A commercial telecommunications network operated by a service provider typically supports voice and/or data communications between various customer locations served by the network. An overall communications system may be subdivided into an access network and a core network, which may or may not be owned and operated by different service providers. Generally, customer devices communicatively couple to the access network which, in turn, connects to the core network. The access network includes what many people refer to as “the last mile,” that is, the connectivity from a customer location, such as an office building, to a point where a service provider has significant facilities, such as a metro hub or a “service edge” at the periphery of the core network. In contrast to the access network, the core network usually provides transport of large aggregate flows over long distances and handles the selective routing of each customer's voice and data traffic to other locations served by the network.
An access network generally comprises communications links, switches, aggregators, multiplexors, demultiplexors, routers, hubs, and the like which provide connectivity between the customer's equipment and the core network's service edge. In a complicated network architecture involving a large number and variety of equipment and a number of possible points of failure, it is important to a service provider to be able to quickly and efficiently isolate problems or failures in the network. Problems may include a failed piece of equipment, a cut cable, or the like. Many systems are currently employed by existing service providers to provide alarms or warnings when a piece of equipment fails or is suffering degraded performance and may be about to fail. The existing systems are generally focused on monitoring the operational status of the network equipment, such as the switches, aggregators, multiplexors, demultiplexors, routers, amplifiers, and the like located in the service provider's facilities or collocated at facilities operated by a telephone company. These systems, however, fail to indicate when problems exist in equipment installed in the customer's site.
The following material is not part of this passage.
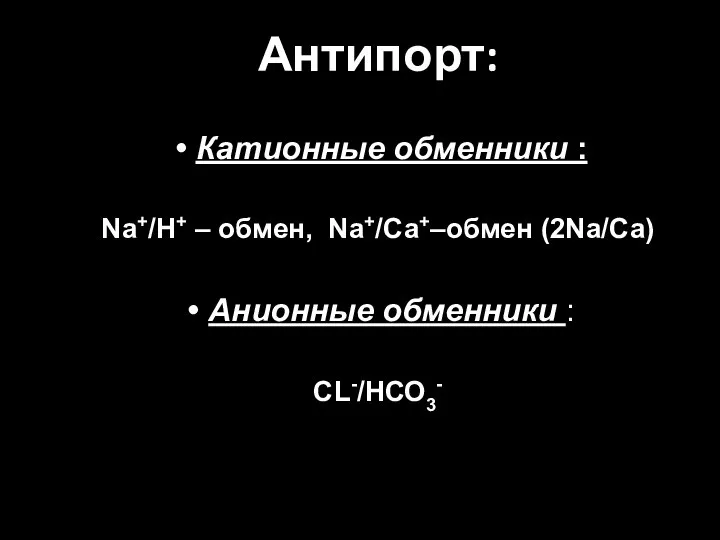 Антипорт: Катионные обменники : Nа+/Н+ – обмен, Nа+/Са+–обмен (2Nа/Са) Анионные обменники : СL-/НСО3-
Consequently, when a customer experiences loss of access connection to a service provider, a customer may often assume that the problem resides in the service provider's facilities when the problem may actually be in the customer's network or at the point where the customer connects to the service provider's facilities at the customer location.
A common network protocol used by customers is Ethernet. Ethernet provides a cost effective and easy to implement solution for the customers' networking needs, such as LAN and WAN capabilities. A company may have an Ethernet LAN with a port of a network switch or bridge being communicatively coupled to an access switch via a Very high bit-rate Digital Subscriber Line (VDSL), a 10/100 Ethernet, a Gigabit-Ethernet (GbE), or the like. There is no mechanism, however, to indicate when the access switch has lost connectivity to the router. Thus, if the physical cable on the customer's router becomes disconnected or damaged for some reason, errors would be propagated throughout the system as each device would begin to see problems in the communications with the customer's equipment. Many times, the errors generated by the network would provide no probative value in isolating the cause of the problem to a disconnected cable.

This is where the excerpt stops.